Create a new column that is the ratio of Self-Citations to Total Citations. 
What is the maximum value for this new column, and what country has the highest ratio?

*This function should return a tuple with the name of the country and the ratio.*

In [94]:
def answer_four():
    Top15 = answer_one()
    Top15["ratio Cita"] = Top15["Self-citations"] / Top15["Citations"]
    Top15 = Top15["ratio Cita"].sort_values(ascending=False)
    Top15 = Top15.reset_index(drop=False)
    res = tuple(Top15.iloc[0])
    return res
answer_four()

('China', 0.6853754846599598)

### Question 5

Create a column that estimates the population using Energy Supply and Energy Supply per capita. 
What is the third most populous country according to this estimate?
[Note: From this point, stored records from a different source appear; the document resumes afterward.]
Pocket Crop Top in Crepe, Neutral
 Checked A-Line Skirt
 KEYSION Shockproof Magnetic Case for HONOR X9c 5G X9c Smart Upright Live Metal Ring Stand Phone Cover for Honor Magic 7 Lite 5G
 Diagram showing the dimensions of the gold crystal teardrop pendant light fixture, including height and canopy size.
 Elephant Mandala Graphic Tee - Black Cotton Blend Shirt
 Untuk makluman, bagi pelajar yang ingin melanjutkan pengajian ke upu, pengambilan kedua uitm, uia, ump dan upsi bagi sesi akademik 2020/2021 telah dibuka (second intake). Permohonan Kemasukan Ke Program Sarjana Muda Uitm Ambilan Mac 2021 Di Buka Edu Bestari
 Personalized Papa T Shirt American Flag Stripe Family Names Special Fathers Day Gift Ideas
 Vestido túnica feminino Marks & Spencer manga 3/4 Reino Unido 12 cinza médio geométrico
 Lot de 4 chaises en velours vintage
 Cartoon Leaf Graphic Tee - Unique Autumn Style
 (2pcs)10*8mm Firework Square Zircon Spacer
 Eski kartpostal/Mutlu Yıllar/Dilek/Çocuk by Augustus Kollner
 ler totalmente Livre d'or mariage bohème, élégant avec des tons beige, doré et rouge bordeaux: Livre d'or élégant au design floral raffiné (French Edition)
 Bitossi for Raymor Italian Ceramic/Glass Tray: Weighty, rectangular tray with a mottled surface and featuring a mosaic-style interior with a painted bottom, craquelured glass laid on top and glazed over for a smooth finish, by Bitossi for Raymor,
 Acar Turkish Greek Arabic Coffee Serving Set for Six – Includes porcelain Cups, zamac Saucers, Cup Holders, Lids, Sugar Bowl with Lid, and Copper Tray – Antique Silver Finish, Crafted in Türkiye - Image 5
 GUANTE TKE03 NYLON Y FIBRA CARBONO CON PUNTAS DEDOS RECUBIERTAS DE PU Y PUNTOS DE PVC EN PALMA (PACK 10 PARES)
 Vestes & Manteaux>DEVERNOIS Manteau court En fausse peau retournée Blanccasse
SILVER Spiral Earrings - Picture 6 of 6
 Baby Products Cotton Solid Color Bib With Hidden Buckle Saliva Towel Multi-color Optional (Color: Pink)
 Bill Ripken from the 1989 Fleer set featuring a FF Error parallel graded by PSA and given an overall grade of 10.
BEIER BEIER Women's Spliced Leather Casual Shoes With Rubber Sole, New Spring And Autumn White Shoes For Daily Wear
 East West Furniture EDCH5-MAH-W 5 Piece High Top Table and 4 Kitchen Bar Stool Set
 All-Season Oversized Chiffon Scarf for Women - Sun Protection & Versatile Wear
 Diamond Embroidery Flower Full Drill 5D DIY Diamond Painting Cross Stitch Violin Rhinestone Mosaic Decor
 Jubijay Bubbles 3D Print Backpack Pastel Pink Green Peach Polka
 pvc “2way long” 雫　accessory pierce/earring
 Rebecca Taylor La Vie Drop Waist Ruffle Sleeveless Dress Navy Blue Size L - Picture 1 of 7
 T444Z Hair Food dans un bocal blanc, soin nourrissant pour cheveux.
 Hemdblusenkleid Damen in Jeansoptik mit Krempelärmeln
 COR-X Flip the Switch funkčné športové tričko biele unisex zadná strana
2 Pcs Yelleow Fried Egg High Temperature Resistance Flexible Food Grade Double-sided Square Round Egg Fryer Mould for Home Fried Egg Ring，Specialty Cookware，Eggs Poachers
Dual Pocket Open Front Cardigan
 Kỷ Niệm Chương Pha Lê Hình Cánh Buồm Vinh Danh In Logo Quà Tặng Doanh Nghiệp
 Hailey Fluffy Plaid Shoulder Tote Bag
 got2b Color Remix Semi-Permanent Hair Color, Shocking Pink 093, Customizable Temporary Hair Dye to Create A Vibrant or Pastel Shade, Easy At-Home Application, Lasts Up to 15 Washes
*This function should return a single string value.*

In [95]:
def answer_five():
    Top15 = answer_one()
    Top15 = Top15[["Energy Supply", "Energy Supply per Capita"]]
    Top15["Estimates the population"] = Top15["Energy Supply"] / Top15["Energy Supply per Capita"]
    Top15 = Top15.sort_values("Estimates the population", ascending=False)
    return Top15.index[2]
answer_five()

'United States'

### Question 6
Create a column that estimates the number of citable documents per person. 
What is the correlation between the number of citable documents per capita and the energy supply per capita? Use the `.corr()` method, (Pearson's correlation).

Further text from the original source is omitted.